[Opening Recorded information section]

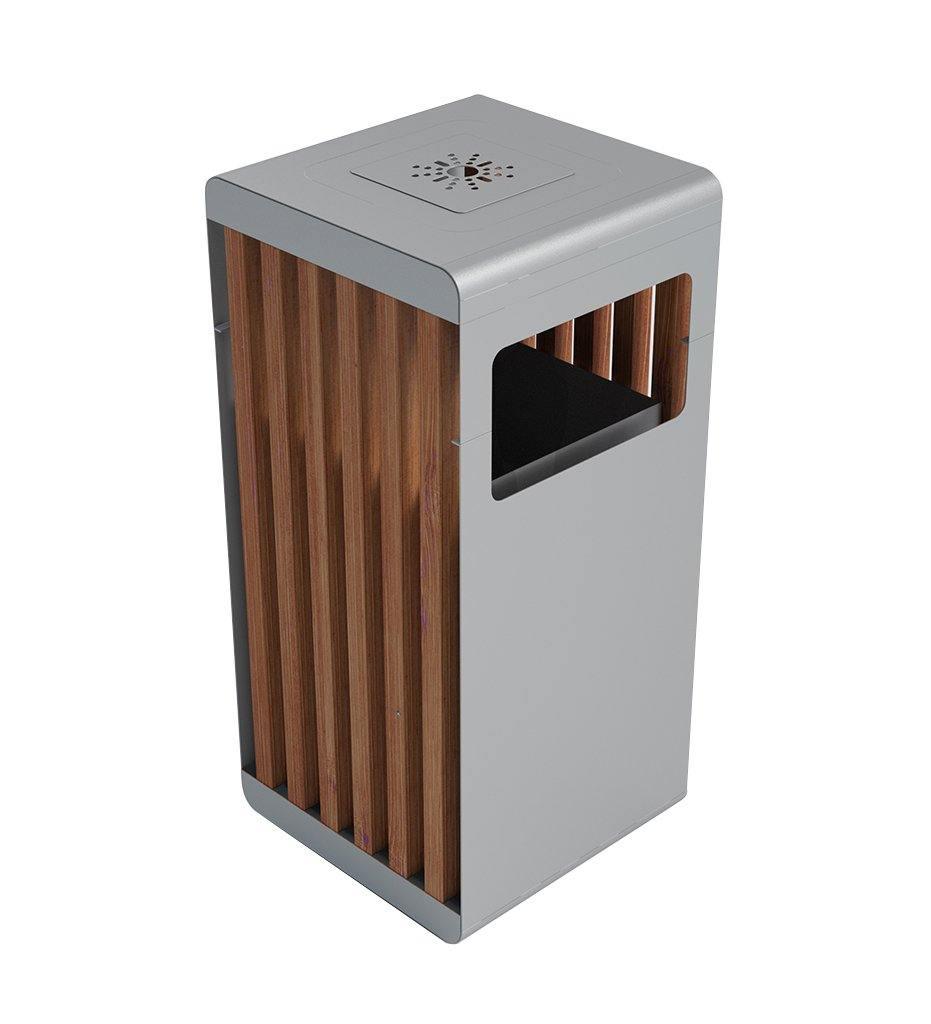 Allred Collaborative - CitySi - Strip ALU Wood Litter Bin - - Strip ALU Wood Litter Bin - - STP01-9010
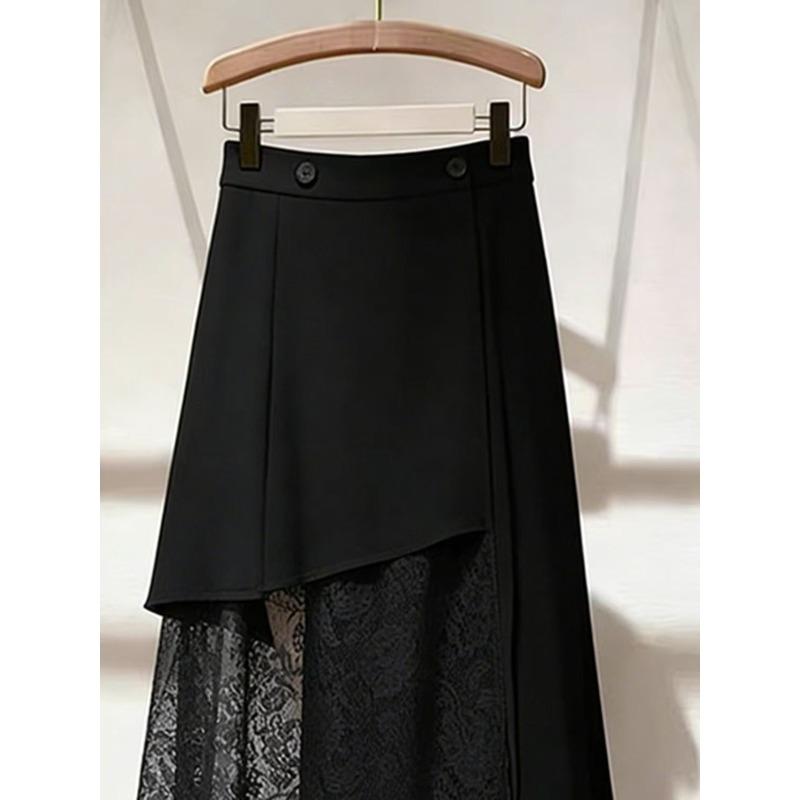 Irregular Patchwork Lace Midi Skirt Summer Fashion Women Skirts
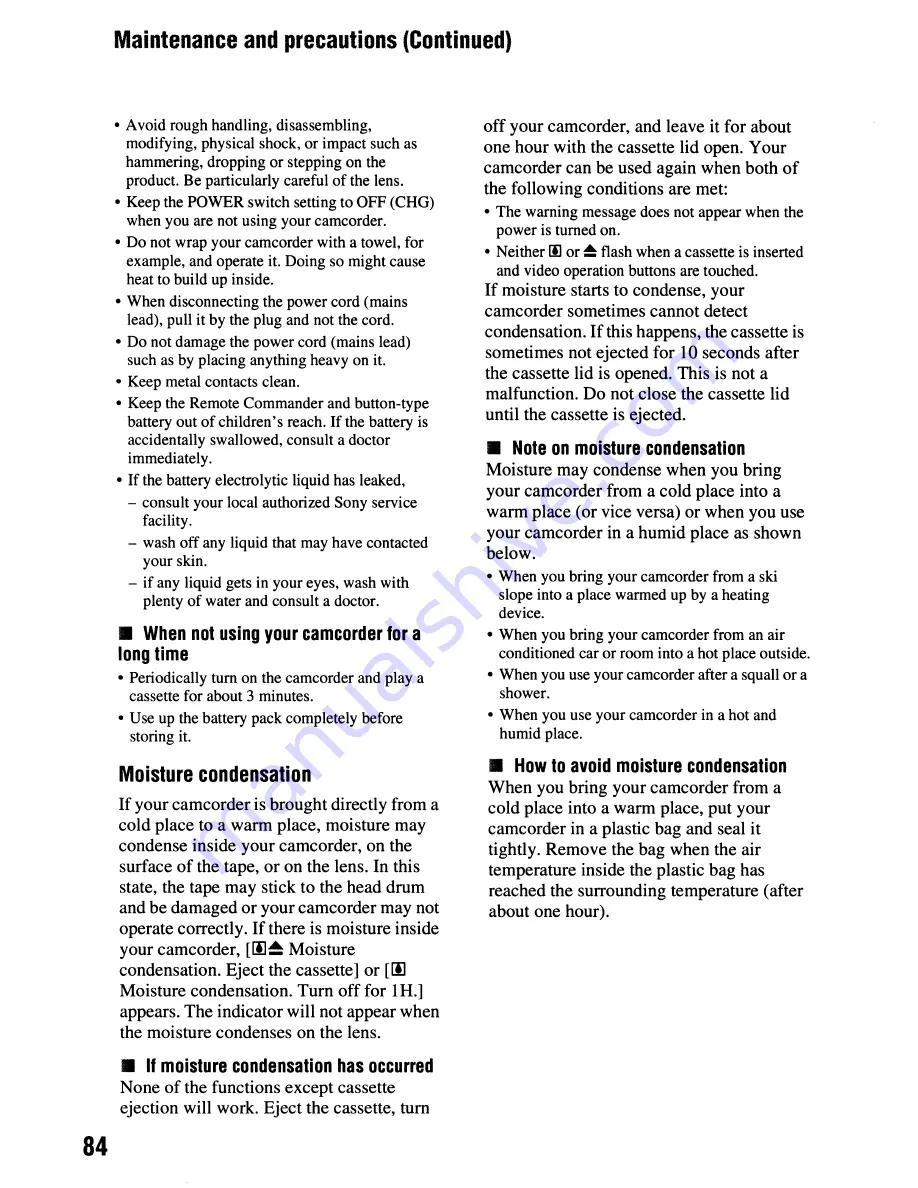 Sony Handycam DCR-HC62 Operating Manual Download Page 84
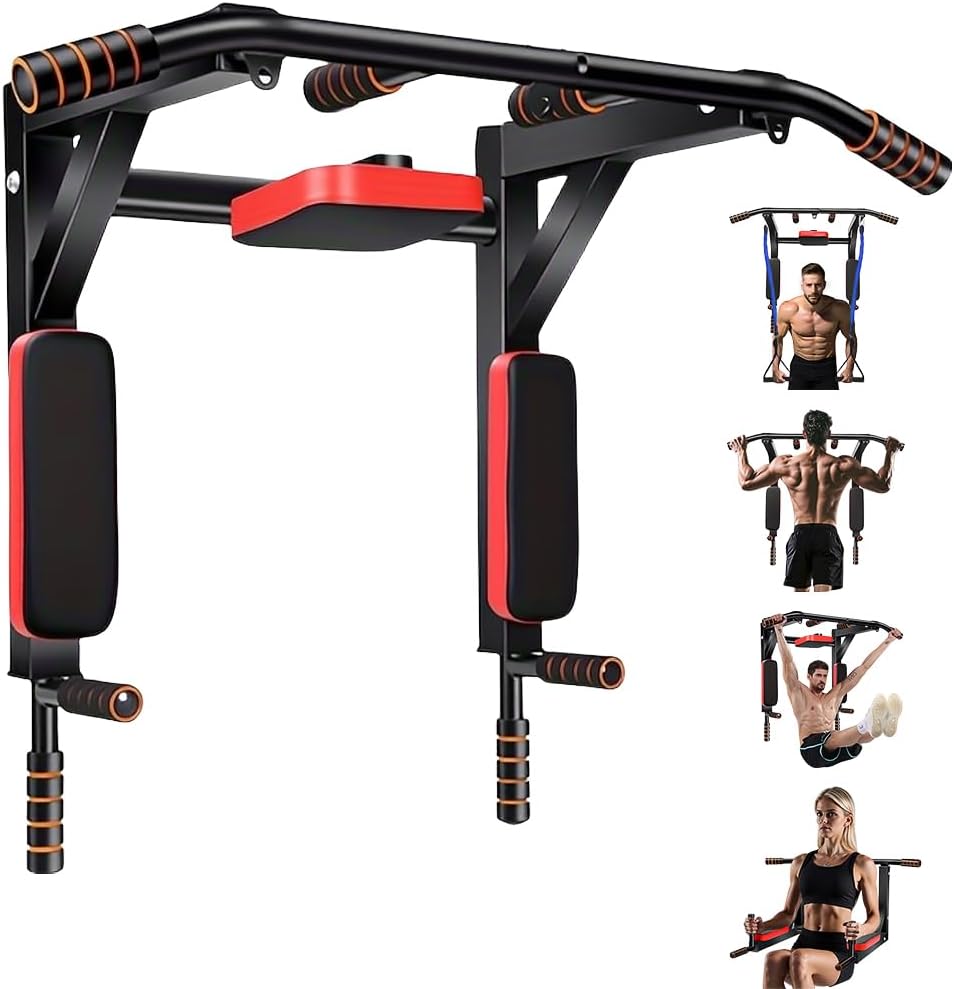 Multifunctional Wall-Mounted Pull-Up Bar – Heavy-Duty Indoor Horizontal Bar for Home Gym, Chin-Up, Punching Bag, and Exercise Equipment – Adjustable & Space-Saving (Black)
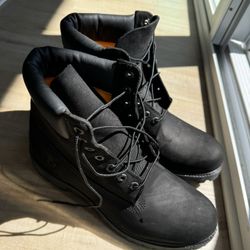 Mens Timberland Premium 6 Inch Waterproof Black Nubuck Boot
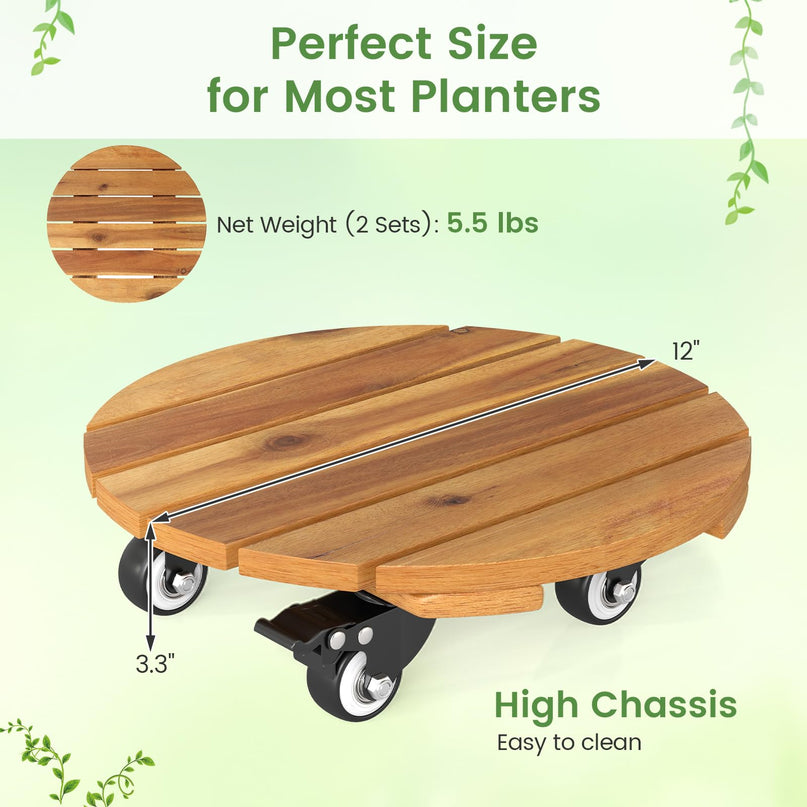 Giantex 2/4 Pcs Plant Caddy with Wheels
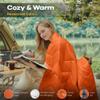 UNIKOME Waterproof Puffy Camping Blanket - Lightweight Packable Outdoor Quilt with Corner Loops, Warm Compact Blanket for Cold Weather Hiking Picnic Stadium Travel, 75"52", Orange view 2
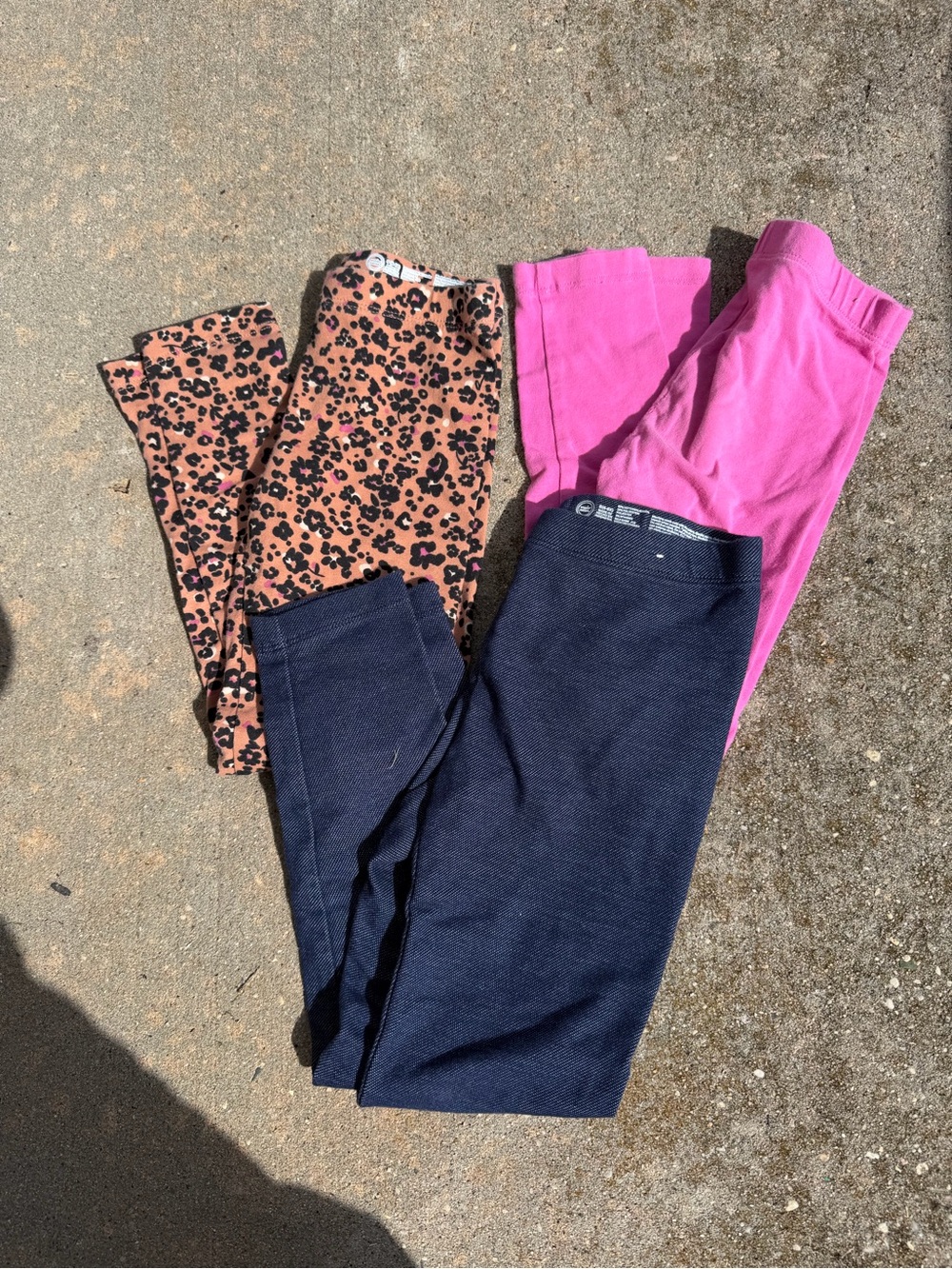 wonder nation Girls Three-Pack Leggings - Pink, Navy & Leopard
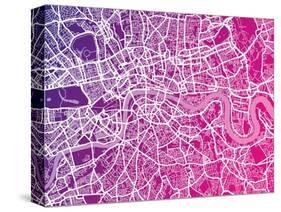 London England Street Map-Michael Tompsett-Stretched Canvas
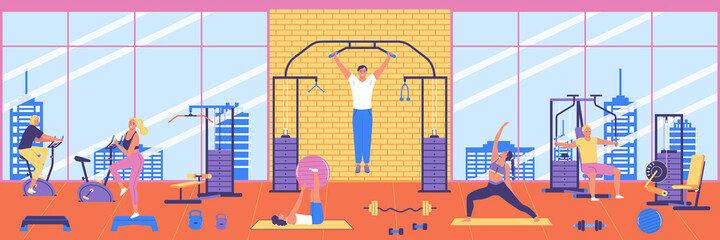 Wall Mural - Fitness Horizontal Illustration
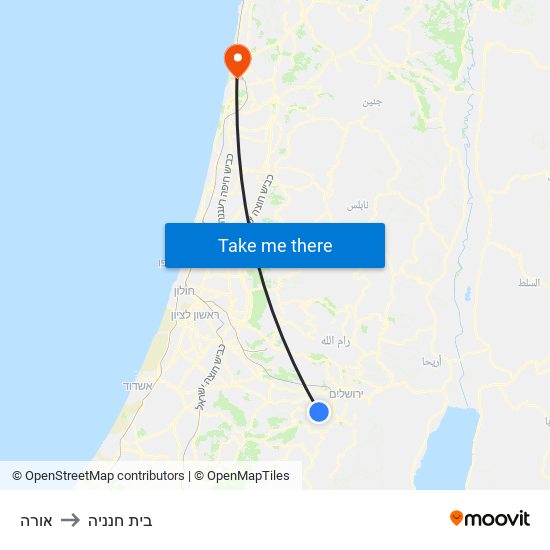 אורה to בית חנניה map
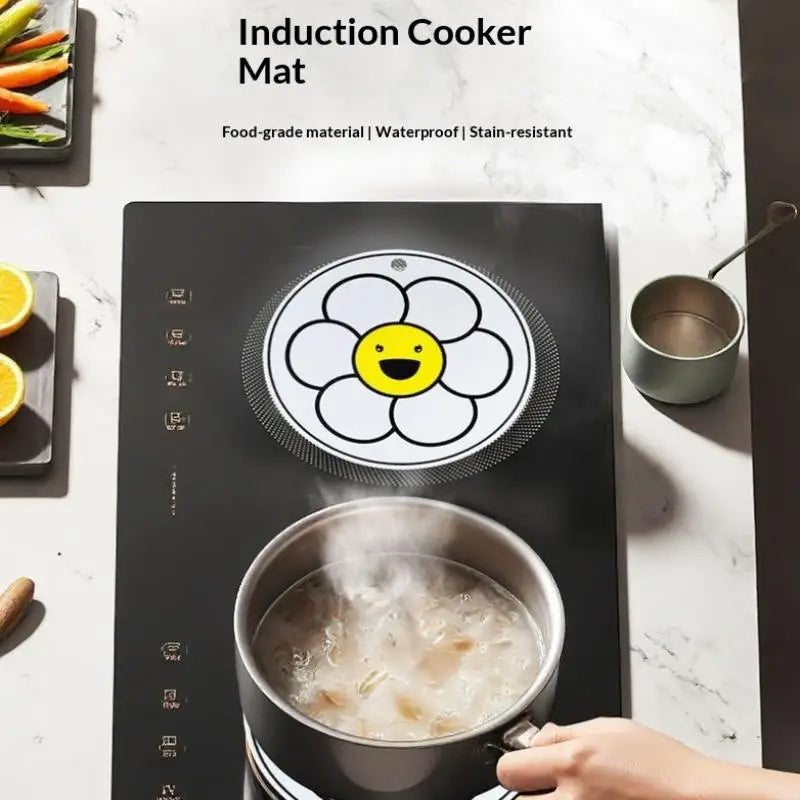 tapis cuisson induction blanc fleur stylisée moderne résistant haute température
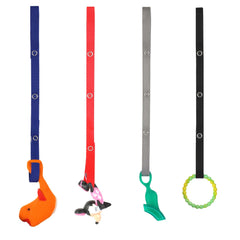 Baby Buddy Secure-A-Toy stroller attachment keeps toys within reach.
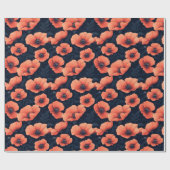 Rode papavers met een donkere achtergrond cadeaupapier (Vlak)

[Closing Recorded information section]

*Task to carry out*: Find the line containing "Mens Timberland Premium" in the records above, then copy it and every line after it exactly, through the last one, without any pictures.

*Answer for this exercise*:
 Mens Timberland Premium 6 Inch Waterproof Black Nubuck Boot
 Giantex 2/4 Pcs Plant Caddy with Wheels
 UNIKOME Waterproof Puffy Camping Blanket - Lightweight Packable Outdoor Quilt with Corner Loops, Warm Compact Blanket for Cold Weather Hiking Picnic Stadium Travel, 75"52", Orange view 2
 wonder nation Girls Three-Pack Leggings - Pink, Navy & Leopard
 London England Street Map-Michael Tompsett-Stretched Canvas
 Wall Mural - Fitness Horizontal Illustration
 אורה to בית חנניה map
 tapis cuisson induction blanc fleur stylisée moderne résistant haute température
 Baby Buddy Secure-A-Toy stroller attachment keeps toys within reach.
 Rode papavers met een donkere achtergrond cadeaupapier (Vlak)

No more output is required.